En effet, les réticences des élus locaux sont de plus en plus grands, et il n'est plus possible de fermer des lignes sans rencontrer de la résistance. La relation Nancy-Château-Salins est choisie pour expérimenter un transfert sur route d'une façon plus pédagogique et sans encombres. Plus qu'un unique aller-retour n'y circule, mais les usagers qui lui restent s'en montrent en partie satisfaits (les autres ayant déjà abandonné le chemin de fer).
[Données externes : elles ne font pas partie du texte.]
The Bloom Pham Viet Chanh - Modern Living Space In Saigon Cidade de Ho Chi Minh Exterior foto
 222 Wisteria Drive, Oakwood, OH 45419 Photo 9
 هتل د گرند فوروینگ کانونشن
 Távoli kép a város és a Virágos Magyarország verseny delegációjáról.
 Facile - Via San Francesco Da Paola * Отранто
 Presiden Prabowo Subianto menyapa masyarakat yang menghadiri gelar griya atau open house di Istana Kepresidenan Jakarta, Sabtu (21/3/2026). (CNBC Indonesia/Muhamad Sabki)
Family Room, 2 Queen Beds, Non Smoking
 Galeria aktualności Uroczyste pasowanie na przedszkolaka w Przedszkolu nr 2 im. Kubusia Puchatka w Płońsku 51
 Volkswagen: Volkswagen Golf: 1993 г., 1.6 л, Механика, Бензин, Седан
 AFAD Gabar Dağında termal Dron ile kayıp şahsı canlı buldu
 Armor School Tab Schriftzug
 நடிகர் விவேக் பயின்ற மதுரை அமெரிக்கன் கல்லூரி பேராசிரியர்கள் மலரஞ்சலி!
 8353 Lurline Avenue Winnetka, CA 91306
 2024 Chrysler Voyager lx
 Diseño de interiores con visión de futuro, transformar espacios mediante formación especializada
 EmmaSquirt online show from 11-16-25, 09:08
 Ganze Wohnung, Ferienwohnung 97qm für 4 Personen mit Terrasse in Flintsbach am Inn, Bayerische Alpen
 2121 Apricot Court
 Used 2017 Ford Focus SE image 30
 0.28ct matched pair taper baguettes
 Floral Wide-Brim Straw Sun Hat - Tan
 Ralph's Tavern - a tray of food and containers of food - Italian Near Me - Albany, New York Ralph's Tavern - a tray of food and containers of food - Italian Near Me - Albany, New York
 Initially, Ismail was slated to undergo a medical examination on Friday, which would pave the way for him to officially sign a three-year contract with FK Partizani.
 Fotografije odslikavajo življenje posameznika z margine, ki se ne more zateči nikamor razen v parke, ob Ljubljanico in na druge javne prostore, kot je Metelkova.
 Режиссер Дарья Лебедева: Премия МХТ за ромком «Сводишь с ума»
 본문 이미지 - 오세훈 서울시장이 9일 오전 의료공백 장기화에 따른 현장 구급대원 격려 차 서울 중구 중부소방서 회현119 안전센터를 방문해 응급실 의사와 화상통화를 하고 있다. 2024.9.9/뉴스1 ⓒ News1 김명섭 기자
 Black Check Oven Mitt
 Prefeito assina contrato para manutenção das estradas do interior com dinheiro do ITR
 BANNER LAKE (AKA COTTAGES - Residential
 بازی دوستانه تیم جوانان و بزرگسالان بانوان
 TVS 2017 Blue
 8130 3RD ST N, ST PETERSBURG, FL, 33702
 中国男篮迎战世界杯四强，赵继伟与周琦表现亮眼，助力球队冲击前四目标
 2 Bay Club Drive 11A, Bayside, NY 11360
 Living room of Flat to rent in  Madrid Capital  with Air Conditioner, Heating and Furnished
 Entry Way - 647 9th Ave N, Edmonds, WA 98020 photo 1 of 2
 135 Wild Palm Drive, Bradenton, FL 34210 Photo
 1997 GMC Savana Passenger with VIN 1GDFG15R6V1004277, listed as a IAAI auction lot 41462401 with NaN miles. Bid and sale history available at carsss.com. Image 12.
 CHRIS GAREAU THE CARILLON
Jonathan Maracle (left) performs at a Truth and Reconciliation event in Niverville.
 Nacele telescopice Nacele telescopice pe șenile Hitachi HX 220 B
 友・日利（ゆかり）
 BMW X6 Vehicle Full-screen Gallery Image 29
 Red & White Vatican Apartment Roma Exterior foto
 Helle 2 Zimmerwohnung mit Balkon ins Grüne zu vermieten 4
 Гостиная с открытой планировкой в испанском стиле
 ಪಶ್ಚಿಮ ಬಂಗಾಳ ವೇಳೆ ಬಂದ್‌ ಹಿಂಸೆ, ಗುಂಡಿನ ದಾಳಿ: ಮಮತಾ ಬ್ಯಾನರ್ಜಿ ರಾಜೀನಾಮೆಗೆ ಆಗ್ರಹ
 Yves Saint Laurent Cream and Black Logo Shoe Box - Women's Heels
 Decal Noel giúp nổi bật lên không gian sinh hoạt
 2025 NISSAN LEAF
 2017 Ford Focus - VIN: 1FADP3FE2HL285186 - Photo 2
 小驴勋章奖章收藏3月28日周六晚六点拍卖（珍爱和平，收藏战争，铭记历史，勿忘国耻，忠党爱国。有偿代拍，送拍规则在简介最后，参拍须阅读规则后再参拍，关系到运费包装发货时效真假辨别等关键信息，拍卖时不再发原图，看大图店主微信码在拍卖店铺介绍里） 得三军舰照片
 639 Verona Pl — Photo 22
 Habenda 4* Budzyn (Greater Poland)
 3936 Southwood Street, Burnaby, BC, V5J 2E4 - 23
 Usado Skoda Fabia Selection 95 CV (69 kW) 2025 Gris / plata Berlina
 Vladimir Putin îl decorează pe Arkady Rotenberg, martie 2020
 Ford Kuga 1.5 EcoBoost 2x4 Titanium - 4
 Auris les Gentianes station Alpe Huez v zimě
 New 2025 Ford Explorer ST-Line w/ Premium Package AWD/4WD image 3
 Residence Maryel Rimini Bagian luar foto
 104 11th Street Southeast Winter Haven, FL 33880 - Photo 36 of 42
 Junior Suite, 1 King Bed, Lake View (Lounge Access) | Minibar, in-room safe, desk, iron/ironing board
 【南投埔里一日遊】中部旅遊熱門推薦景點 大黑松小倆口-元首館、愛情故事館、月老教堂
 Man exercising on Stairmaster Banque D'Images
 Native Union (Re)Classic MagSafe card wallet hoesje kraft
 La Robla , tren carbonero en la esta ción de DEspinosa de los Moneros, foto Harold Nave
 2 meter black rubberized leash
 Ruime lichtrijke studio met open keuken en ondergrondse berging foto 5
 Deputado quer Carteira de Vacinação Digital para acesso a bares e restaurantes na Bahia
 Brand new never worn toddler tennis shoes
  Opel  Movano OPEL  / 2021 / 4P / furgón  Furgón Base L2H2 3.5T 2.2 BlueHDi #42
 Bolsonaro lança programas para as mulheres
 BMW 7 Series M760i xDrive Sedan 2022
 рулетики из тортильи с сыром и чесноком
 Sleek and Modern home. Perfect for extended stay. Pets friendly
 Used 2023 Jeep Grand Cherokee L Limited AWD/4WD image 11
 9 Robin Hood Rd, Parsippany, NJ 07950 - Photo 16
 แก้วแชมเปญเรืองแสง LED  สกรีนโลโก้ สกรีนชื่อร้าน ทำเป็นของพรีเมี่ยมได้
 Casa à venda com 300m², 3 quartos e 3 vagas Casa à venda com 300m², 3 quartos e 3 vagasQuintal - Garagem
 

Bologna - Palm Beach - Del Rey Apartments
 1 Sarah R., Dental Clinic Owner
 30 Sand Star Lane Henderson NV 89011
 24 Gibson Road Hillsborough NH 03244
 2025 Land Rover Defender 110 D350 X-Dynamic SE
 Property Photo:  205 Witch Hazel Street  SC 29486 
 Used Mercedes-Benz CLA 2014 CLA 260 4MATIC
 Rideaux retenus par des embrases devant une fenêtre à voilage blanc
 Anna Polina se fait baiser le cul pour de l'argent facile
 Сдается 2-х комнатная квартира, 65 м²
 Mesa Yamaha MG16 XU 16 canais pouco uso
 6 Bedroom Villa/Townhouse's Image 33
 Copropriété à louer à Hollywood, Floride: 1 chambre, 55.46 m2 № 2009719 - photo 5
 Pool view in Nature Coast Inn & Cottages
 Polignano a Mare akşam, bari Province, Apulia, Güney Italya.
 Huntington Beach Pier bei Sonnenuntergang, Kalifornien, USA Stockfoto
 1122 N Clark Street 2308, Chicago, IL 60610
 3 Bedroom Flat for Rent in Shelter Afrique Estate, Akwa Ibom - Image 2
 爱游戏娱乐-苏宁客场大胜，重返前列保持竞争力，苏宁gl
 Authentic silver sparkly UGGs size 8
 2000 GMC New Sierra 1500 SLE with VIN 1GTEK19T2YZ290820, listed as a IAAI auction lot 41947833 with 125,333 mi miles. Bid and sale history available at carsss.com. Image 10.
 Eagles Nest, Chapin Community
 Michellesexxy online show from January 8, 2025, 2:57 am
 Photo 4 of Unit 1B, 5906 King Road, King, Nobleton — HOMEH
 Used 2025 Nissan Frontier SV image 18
Il est décidé ainsi de le remplacer par sept aller-retours en autocar s'ajoutant aux deux aller-retours en autocar existants, mais de maintenir le train pendant une période d'essai d'un an, à compter du 23 janvier 1978. Parallèlement, une tarification commune avec le transporteur privé également actif sur la relation doit être développé afin d'éviter à certains usagers de prendre deux abonnements différents. A l'issue de la phase d'essai, le choix entre poursuite de la desserte renforcée par autocar ou retour au statu quo doit être fait. Comme attendu, le trafic global augmente rapidement, et la fréquentation du train baisse, mais il n'est supprimé que le 2 avril 1979 car la ville de Château-Salins craignait que sa suppression engendrait la perte de la desserte marchandises. L'Etat vit ainsi le genre de projet-pilote que ce transfert sur route constituait pour lui comme un échec, réalisant que quelle que soit l'approche choisie, il n'obtiendra jamais le soutien des élus locaux, même en proposant une desserte par autocar répondant mieux aux besoins. D'autre part, les négociations sur la tarification commune n'ont pas abouti non plus, le transporteur (les Rapides de Lorraine) redoutant une tentative de nationalisation rampante.

En 1978/79, l'Oréam Lorraine avait encore prévu d'aménager les dessertes sur d'autres lignes ferroviaires non retenues par le SRT, à commencer par Epinal-Saint-Dié. Or, autre retombé du dossier dela ligne de Château-Salins, les élus locaux craignent qu'il ne s'agisse que d'une stratégie cachée pour transférer cette ligne sur la route (ce qui en l'occurrence n'est pas le cas) et montrent une vive opposition. De ce fait, aucun projet d'amélioration de dessertes ferroviaires régionales ne voit plus le jour en Lorraine jusqu'au lancement du TER Lorraine. Cependant, avec le changement de politique sous la présidence de François Mitterrand, la SNCF est désormais encouragée d'augmenter l'offre omnibus de sa propre initiative, ce qu'elle fait à chaque changement d'horaire d'été 1981 jusqu'à l'hiver 1983/84. Le gouvernement encourage également l'ensemble des régions à conclure des conventions avec la SNCF, ce que la Lorraine fait la dernière en mai 1989 seulement. Les conventions existantes pour Métrolor et Metrovosges sont intégrées. A ce titre, il n'est pas inintéressant de constater qu'en dépit de son rôle de précurseur dans la revitalisation des dessertes régionales, le volontarisme de la Région Lorraine a ses limites, puisque dans les années 1980-1984, les économies réalisées par les transferts sur route sont toujours nettement supérieures au budget consacré aux transports, de l'ordre de 10-25% selon les années. La Région investit donc une partie des économies reversées par l'Etat dans des domaines autre que les transports, ce que le décret d'août 1977 n'autorisait pas.